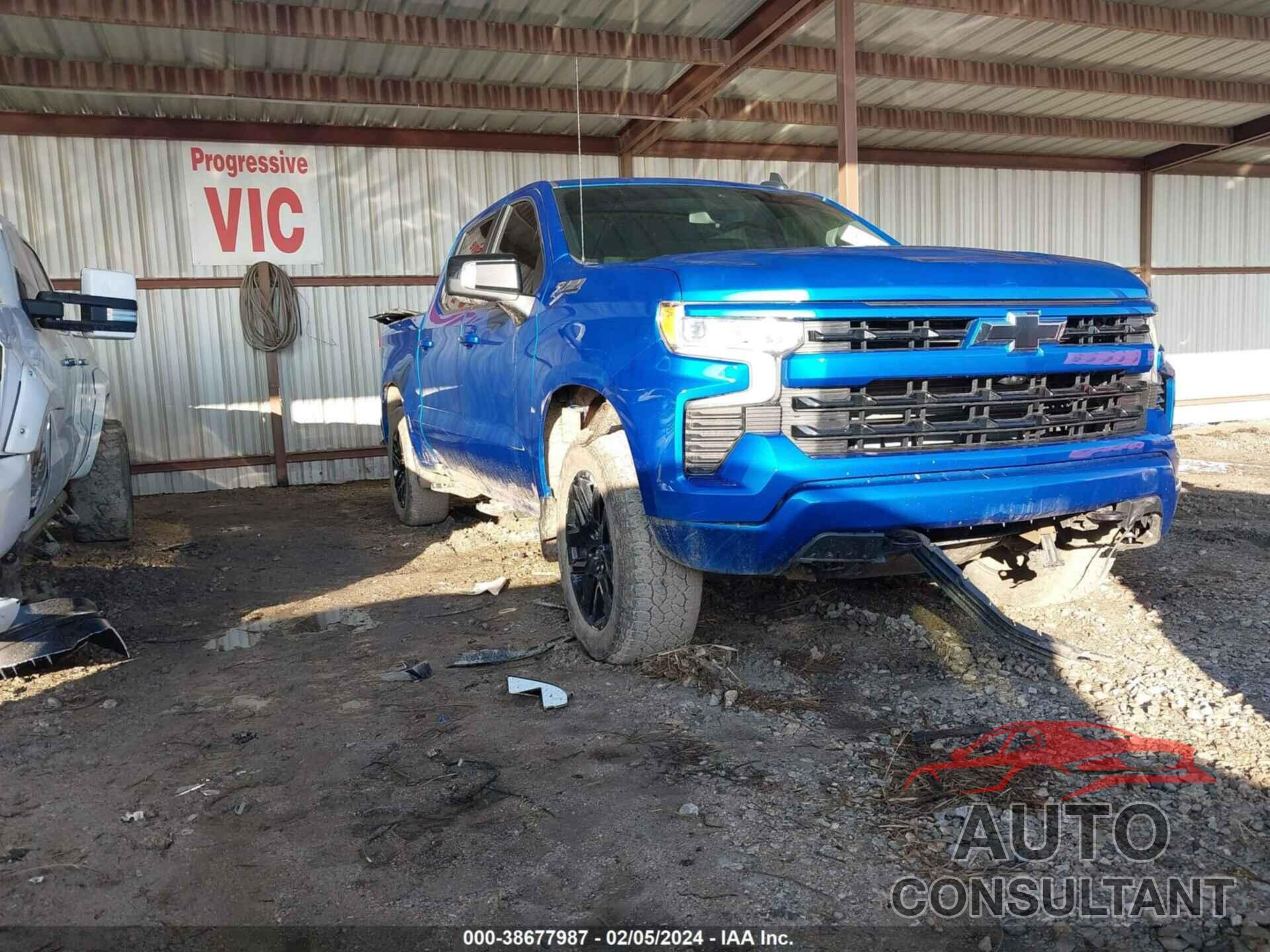 CHEVROLET SILVERADO 1500 2022 - 1GCUDEEDXNZ582528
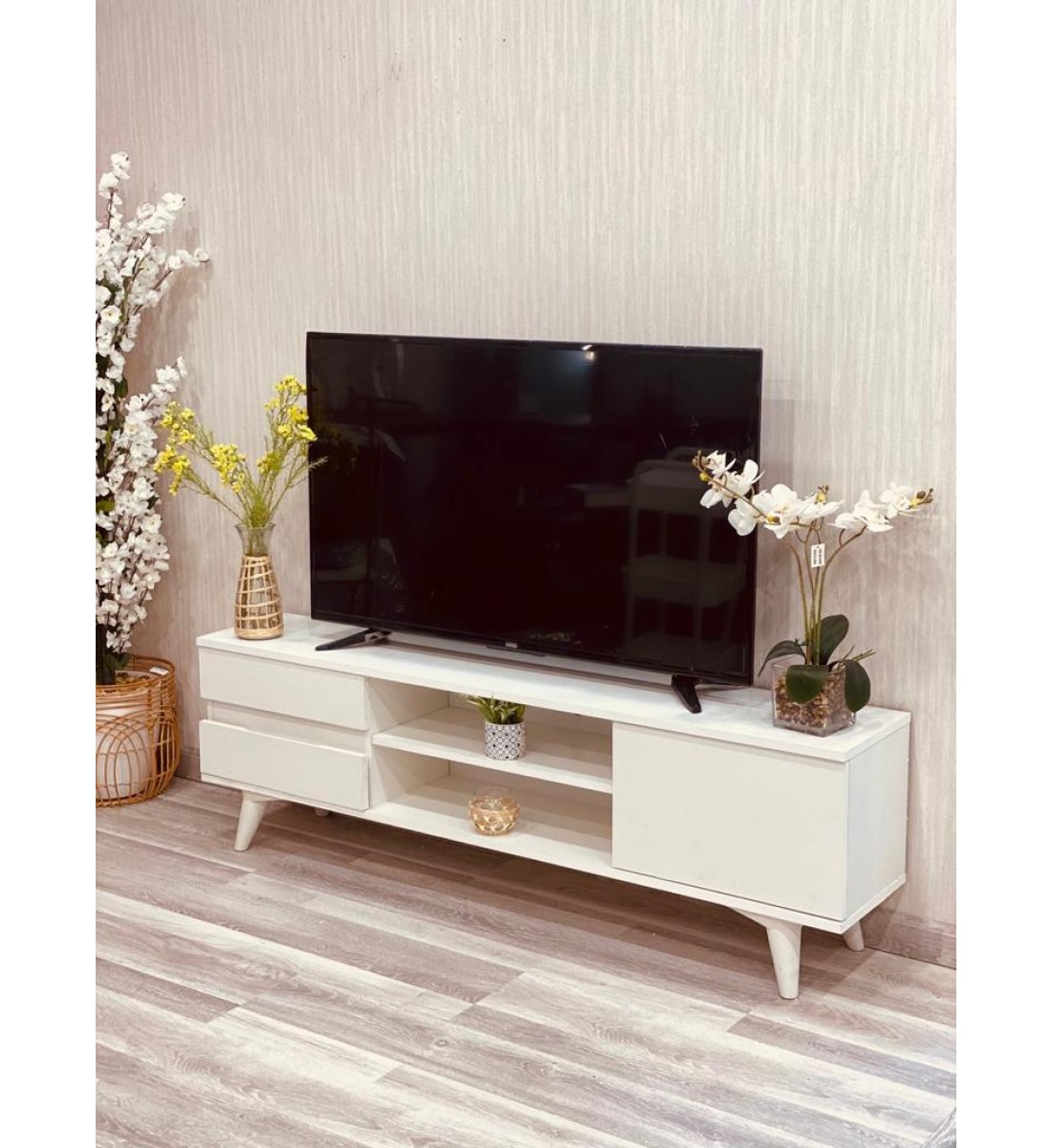 طاولة بلازما خشبي ابيض سادة بقاعدة بلاستيك مقوى(160*30*50)سم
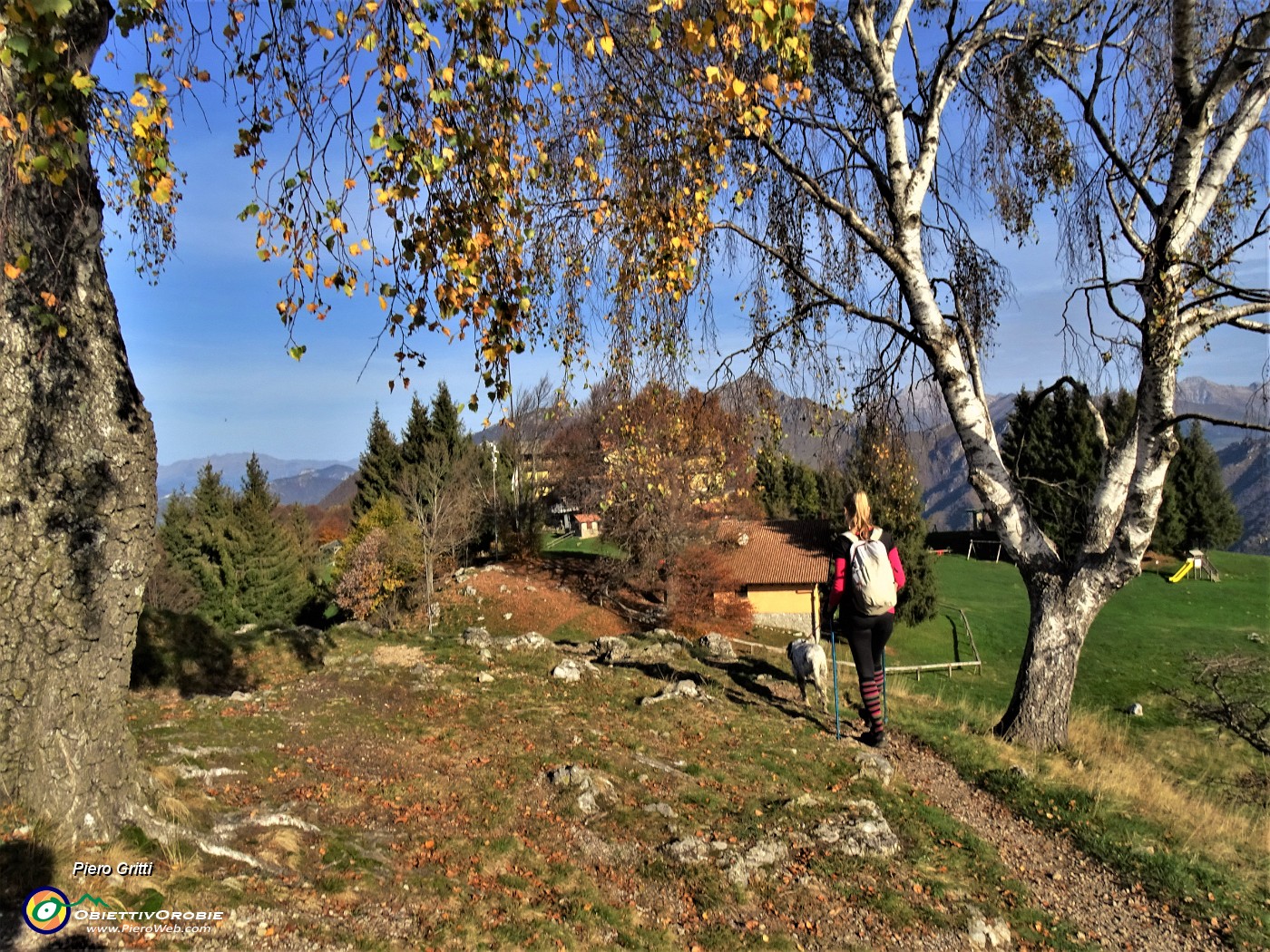 34 Verso il Rif. Poieto con i colori dell'autunno.JPG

**EXERCISE OBJECTIVE:**
From the line holding "طاولة بلازما خشبي" to the last line of the listing, please output each line exactly as it stands. Pictures stay out of the copy.

**ANSWER BELOW:**
 طاولة بلازما خشبي ابيض سادة بقاعدة بلاستيك مقوى(160*30*50)سم
 34 Verso il Rif. Poieto con i colori dell'autunno.JPG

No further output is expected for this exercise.